Massive electrons signify correlations

Thirty years on, and the mechanism of superconductivity in copper-oxide superconductors remains a mystery. Knowledge of their normal nonsuperconducting state is also incomplete; however, we do know that the more robust the superconductivity, the higher the magnetic fields required to suppress it. Ramshaw et al. studied samples of three different compositions of the copper-oxide YBa2Cu3O6+δ in magnetic fields exceeding 90 T. They found that as the oxygen content increased toward the point of the maximum transition temperature, the conducting electrons became heavier and heavier. This mass enhancement reflected an increase in electronic correlations, which in turn may be a signature of a quantum critical point.

Science, this issue p. 317


In the quest for superconductors with higher transition temperatures (Tc), one emerging motif is that electronic interactions favorable for superconductivity can be enhanced by fluctuations of a broken-symmetry phase. Recent experiments have suggested the existence of the requisite broken-symmetry phase in the high-Tc cuprates, but the impact of such a phase on the ground-state electronic interactions has remained unclear. We used magnetic fields exceeding 90 tesla to access the underlying metallic state of the cuprate YBa2Cu3O6+δ over a wide range of doping, and observed magnetic quantum oscillations that reveal a strong enhancement of the quasiparticle effective mass toward optimal doping. This mass enhancement results from increasing electronic interactions approaching optimal doping, and suggests a quantum critical point at a hole doping of pcrit ≈ 0.18.

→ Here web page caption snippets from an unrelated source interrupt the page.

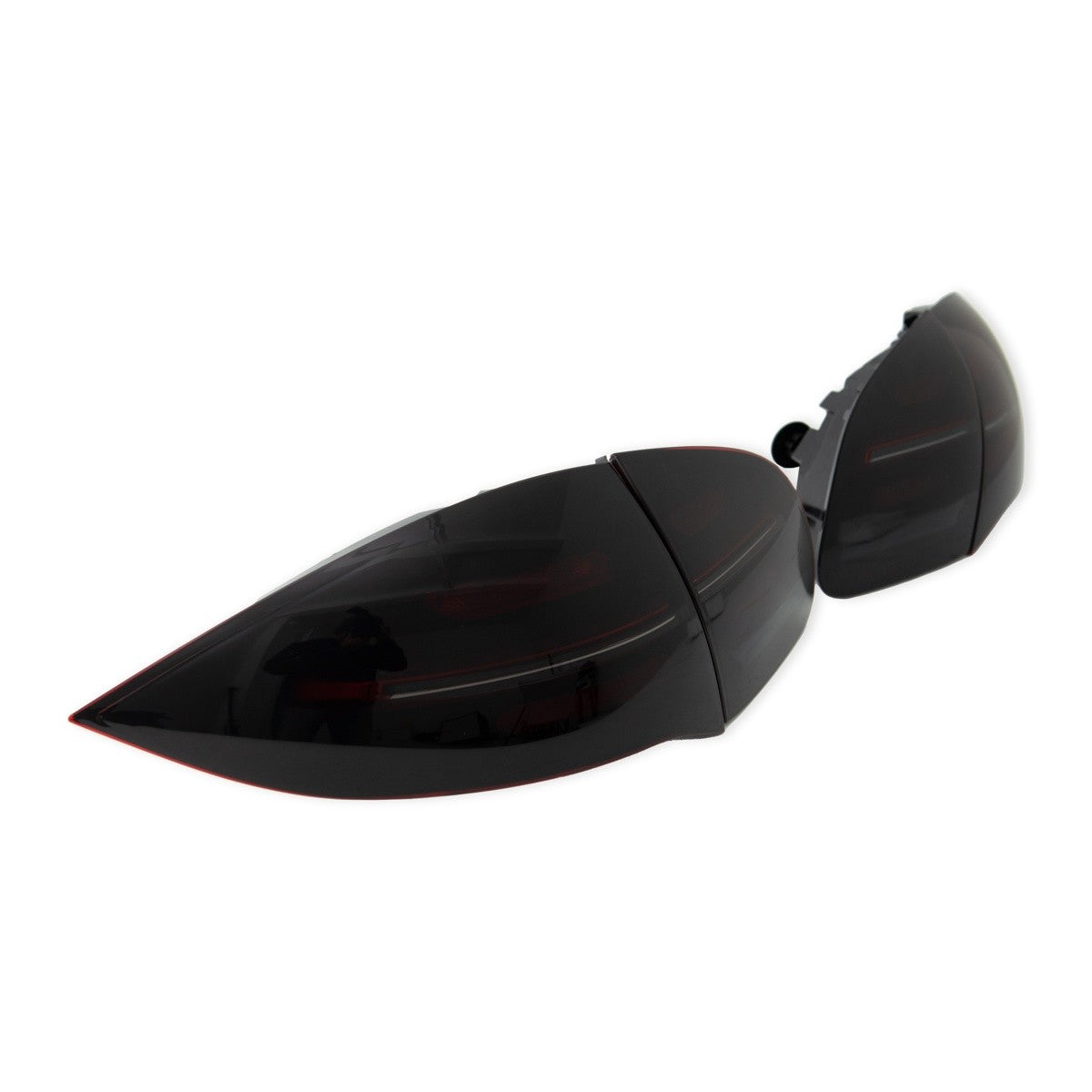 Dynamische LED Rücklichter Schwarz Rot Rauch passend für Porsche Cayenne 2011-2014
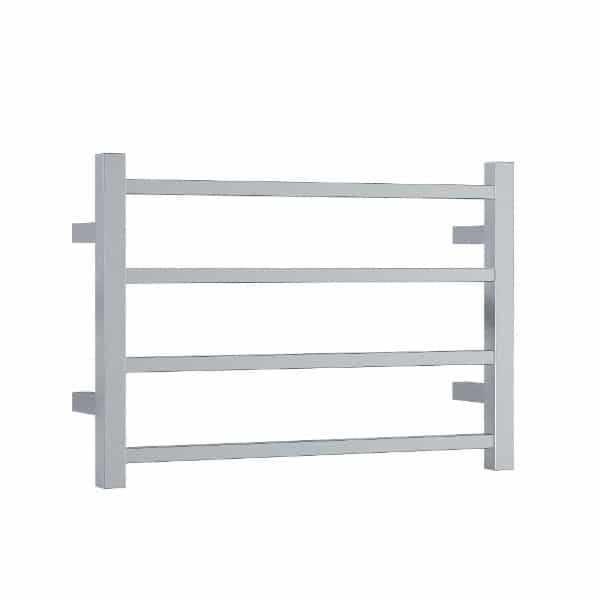 THERMOGROUP STRAIGHT SQUARE LADDER HEATED TOWEL RAIL 600MM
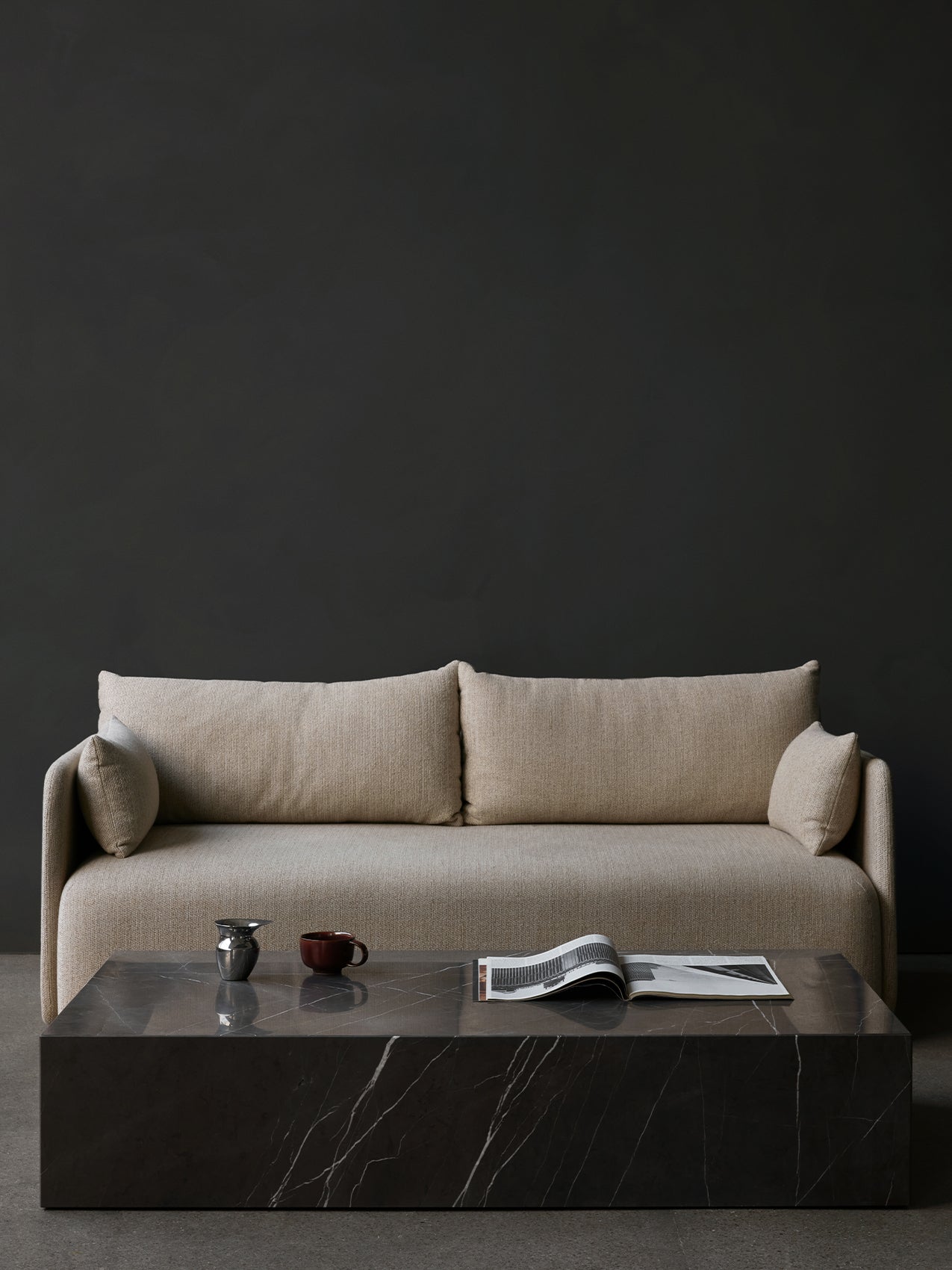 TABLE BASSE BLANCO MONOLITH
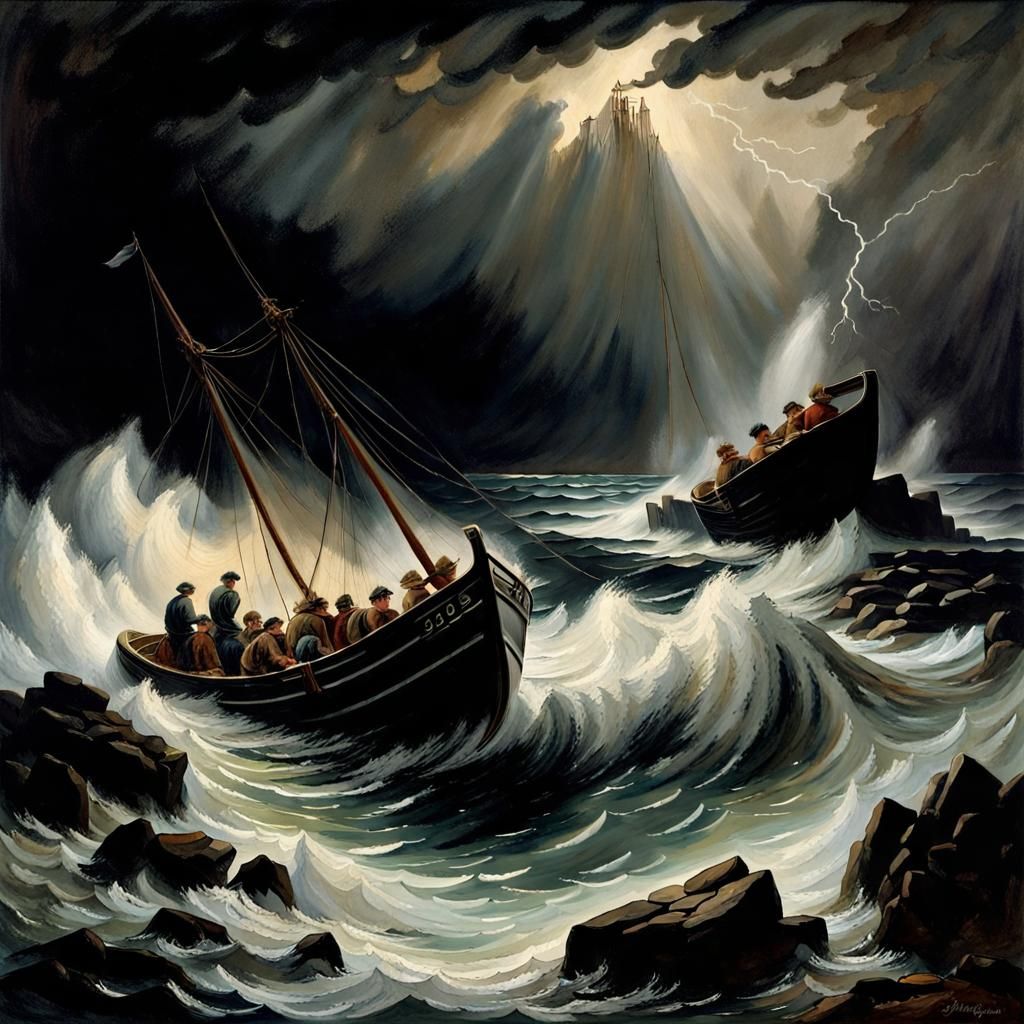 Shetland Fishing Disaster in Renaissance Style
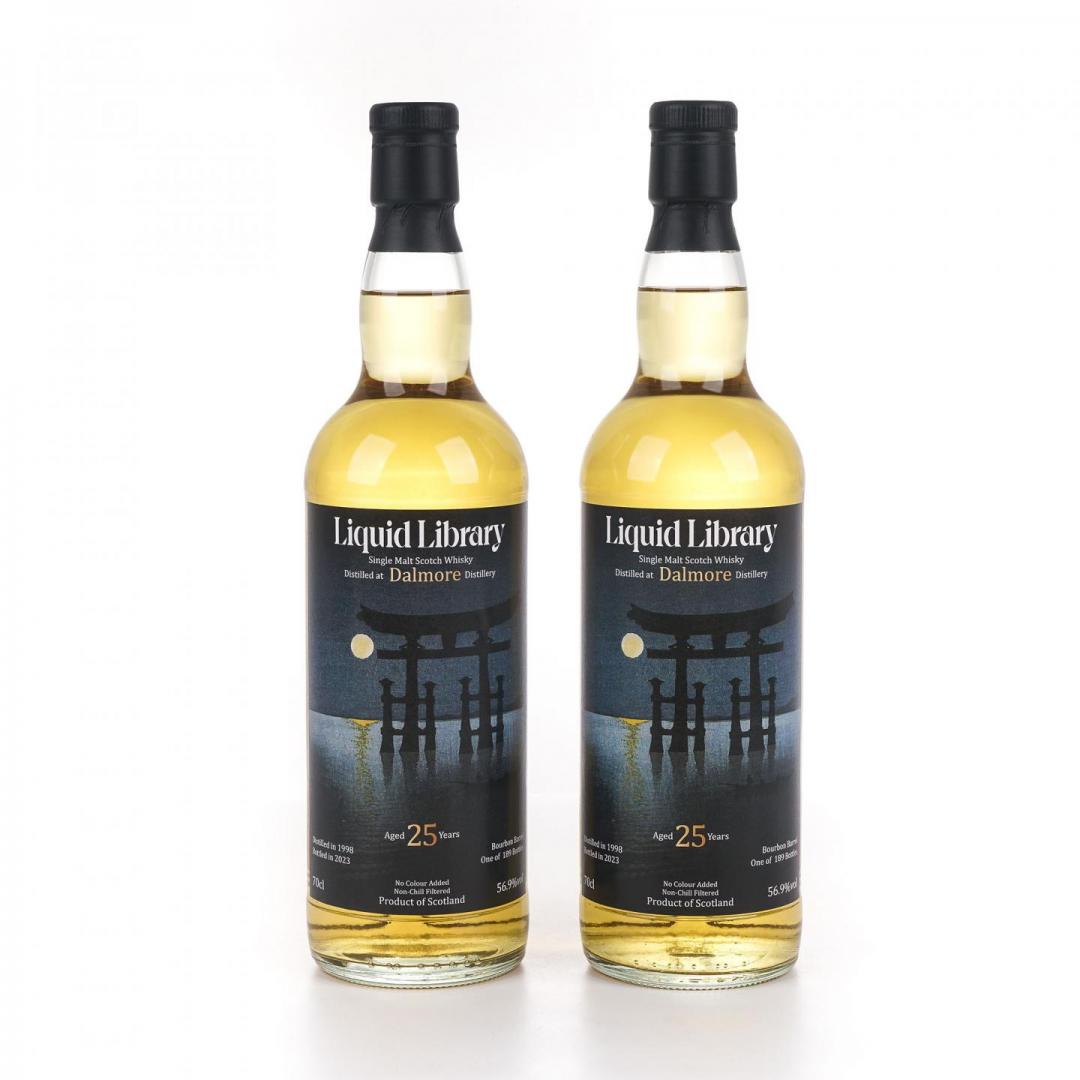 【特价套装】大摩1998-2023 25年波本桶单桶单一麦芽威士忌2只组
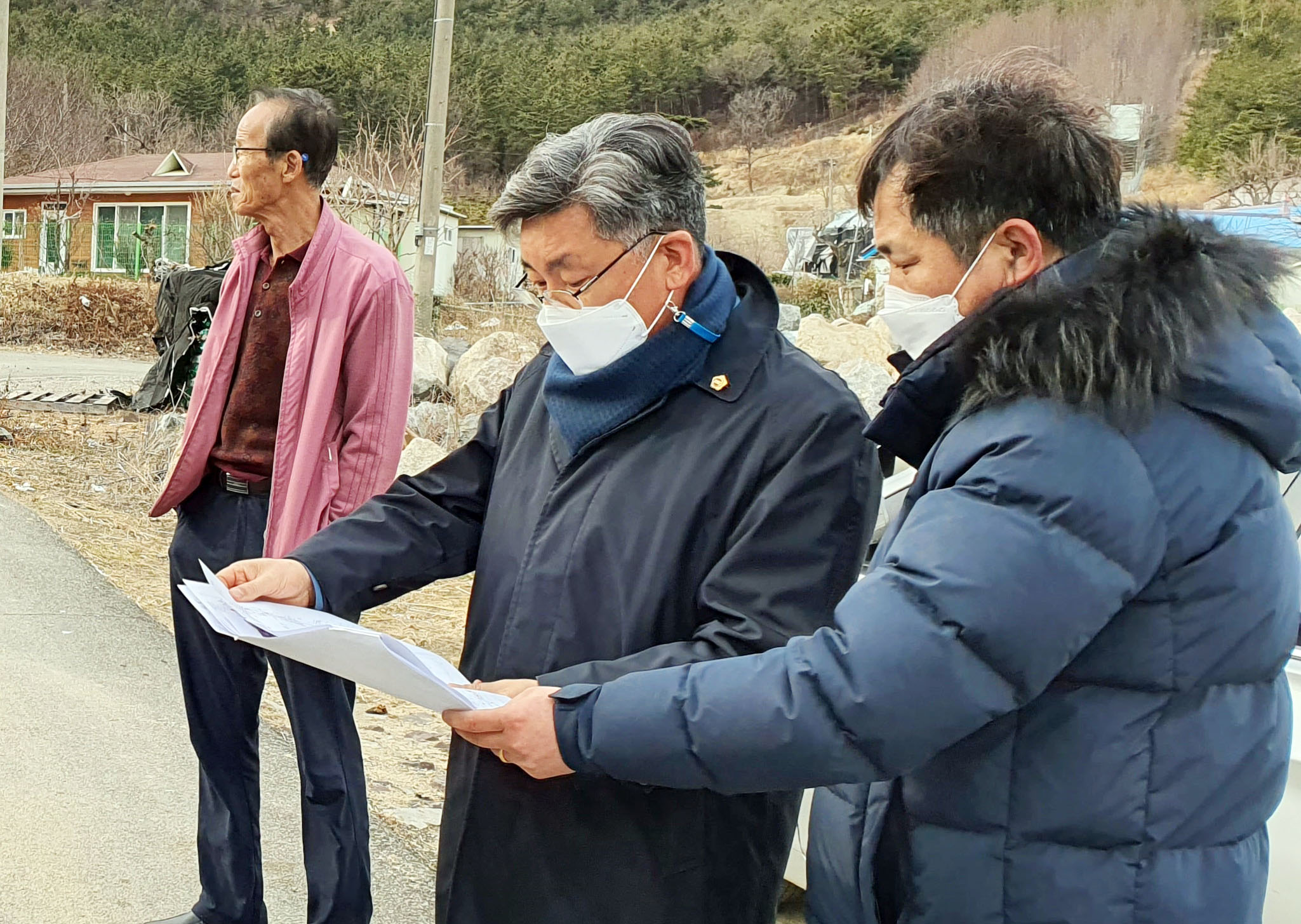 백운찬 의원, 북구지역 하수관로 부설 공사 현장 점검2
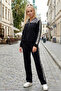 Women's Sheer Sequin Two-Piece Tracksuit Set - 2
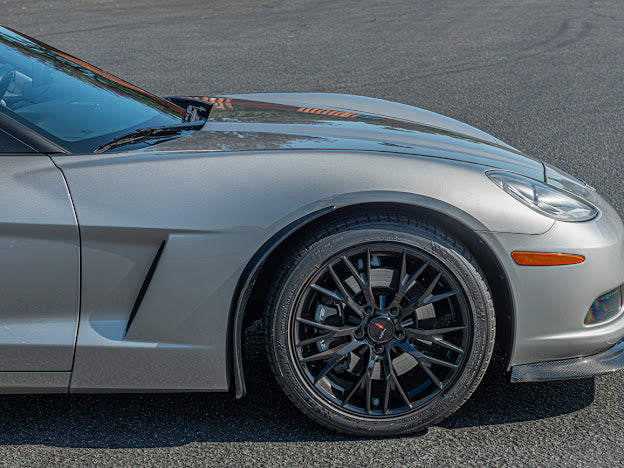 2005-2013 CHEVROLET CORVETTE C6 BASE FRONT AND REAR SPLASH GUARDS MUD FLAPS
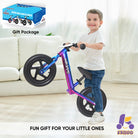 Kriddo Toddler Balance Bike with Customize Plate for 18 Months to 3 Years Old Blue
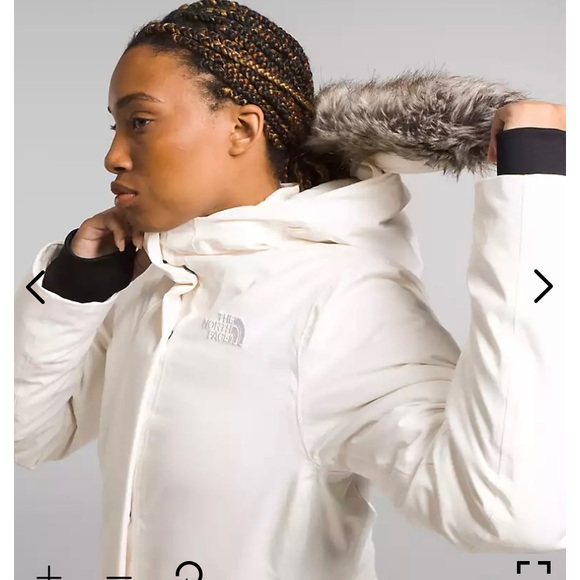 Manteau North Face crème - Picture 3 of 3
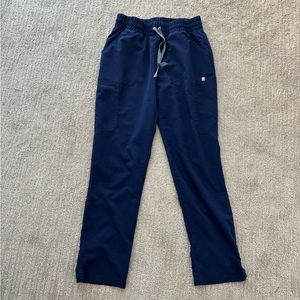 Figs Women's Navy Yola - High Waisted Scrub Pants - M / Navy (2021)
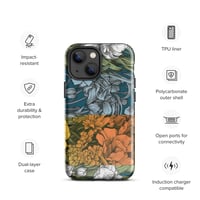 Image 16 of Art Nouveau Inspired Colorful Quartet Boho Hippie Floral Sketch Tough Case for iPhone®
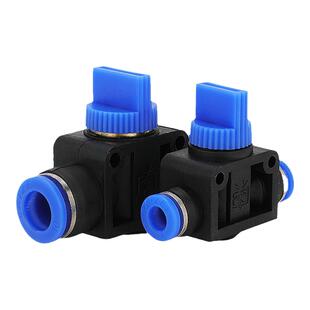 HVFF手动阀门气动气管泄压阀快速快插接头手阀开关4/8/6/4/10/12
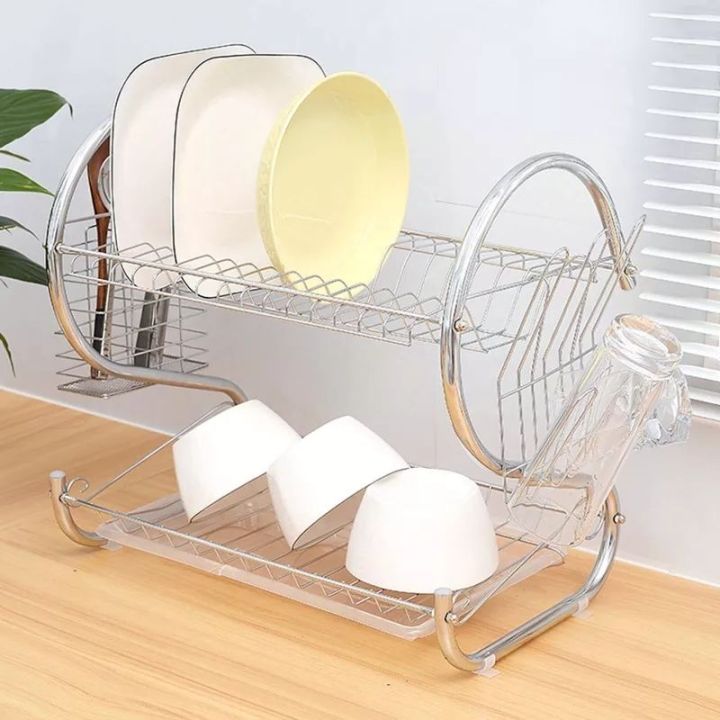 Best%20Of%202023%20S%20Shape%20Double%20Decker%20Dish%20Rack%20Plate%20Dish%20Spoon%20Fork%20Bowl%20Cup%20Drain%20Rack%20Kitchen%20Organizer%20-%20Image%202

In several classes of unconventional superconductors, superconductivity has been linked to a quantum critical point (QCP). At a QCP, the system undergoes a phase transition and a change in symmetry at zero temperature; the associated quantum fluctuations enhance interactions, which can give rise to (or enhance) superconductivity (1, 2). As the QCP is approached, these fluctuations produce increasingly stronger electronic correlations, resulting in an experimentally observable enhancement of the electron effective mass (1, 35). It is widely believed that spin fluctuations in the vicinity of an antiferromagnetic QCP are important for superconductivity in many heavy-fermion, organic, and pnictide superconductors (2, 6), leading to the ubiquitous phenomenon of a superconducting dome surrounding a QCP. The role of quantum criticality in cuprate high-temperature superconductors is more controversial (7): Do the collapsing experimental energy scales (8), enhanced superconducting properties (see Fig. 1), and evidence for a change in ground-state symmetry near optimal doping (916) support the existence of strong fluctuations that are relevant to superconductivity (2, 1719)? Alternative explanations for the phenomenology of the cuprate phase diagram focus on the physics of a lightly doped Mott insulator (7, 20) rather than that of a metal with competing broken-symmetry phases. Several investigations, both theoretical and experimental, suggest that competing order is present in the cuprates and is associated with the charge (rather than spin) degree of freedom [such as charge density wave (CDW) order, orbital current order, or nematicity; see Fig. 1] (12, 1518, 2128). What has been missing is direct, low-temperature evidence that the disappearance of competing order near optimal doping, and the associated change in ground-state symmetry, are accompanied by enhanced electronic interactions in the ground state.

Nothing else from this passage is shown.